Anyway, I can relate with this theory and idea that millennials do not really have it easy. Some might say that they don’t try so much, with others calling them “the me, me, me generation” or making lists of how millennials are ruining certain industries or careers. There’s a lot out there. You either agree or disagree. Sometimes there is a middle ground, where people are like “but that’s not everyone!” Is it? You begin to lose hope and feel diminished (adding to greater misery) by reading and coming across articles that pull a certain group of the population down. I’ll admit that I fall into the group that doesn’t really know how her life is going to pan out and yes that does bother me. In fact, it freaks me out sometimes. I don’t have a plan, but I’m not “winging it” either. I have the guidance and support of my family to be able to lean back on. Of course, I don’t want to lean on my parents for the rest of my life which is why I made a conscience decision to move out of state into a much larger city. Jumping headfirst into uncharted territory, knowing chances aren’t going to come along unless I go for them myself.
Not everyone can do this though. I understand that. I’m going to be real here and say that I could move faraway, but I’ll probably always come back to my parents wherever they are. Because it’s good to have something to come back to. You’re not a failure. I’m saying this while remembering countless times where I pretty much cried myself to sleep thinking sad thoughts like this. It’s hard to get past and in many ways, I’m still in that place. I know that many are not going to leave what they know. Because comfort sinks you like an anchor.

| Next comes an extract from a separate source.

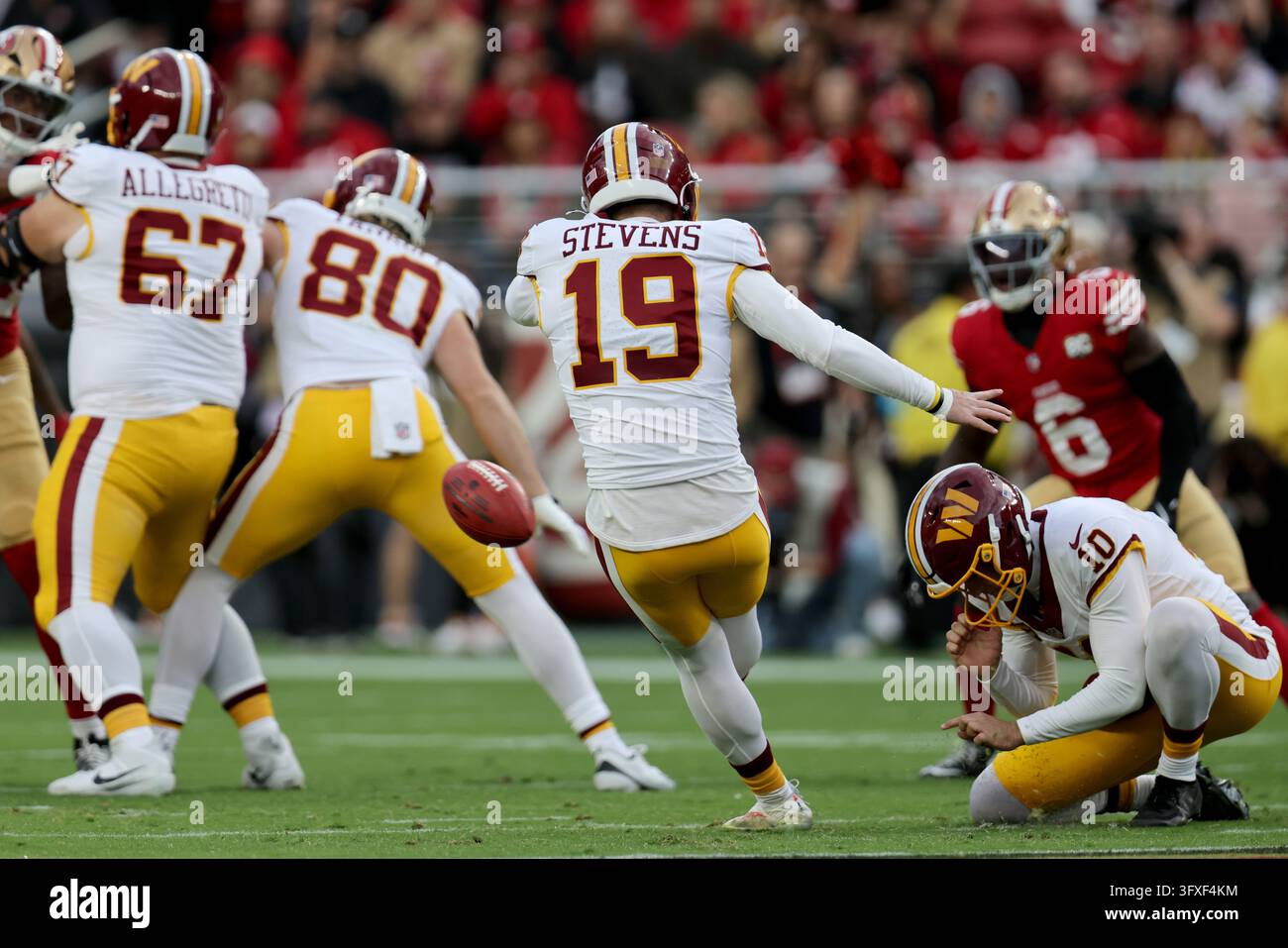 Washington Commanders New Roster Washington Commanders place kicker Drew Stevens (19) kicks during an ...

Moving away from me though, here is what some Twitter users had to say about that article and millennials in general:
Yeah, I don’t really know.
Know this though. Home is home. Do what you want, write want you want, and read what you want (hopefully you read, if not then you’re lying because you just read this). I’m one of those people that give advice, but doesn’t really follow it. What I’m trying to say is find your happy place. It’s probably not wallowing at home. I know it’s not. Being at home can get own on you, especially if your parents are not really the most supportive about it. Go outside. Ride a bike. Go for a walk. Go to the park. Get off the internet. It will give you something to do and this is probably what I’m about to do when I get done writing this.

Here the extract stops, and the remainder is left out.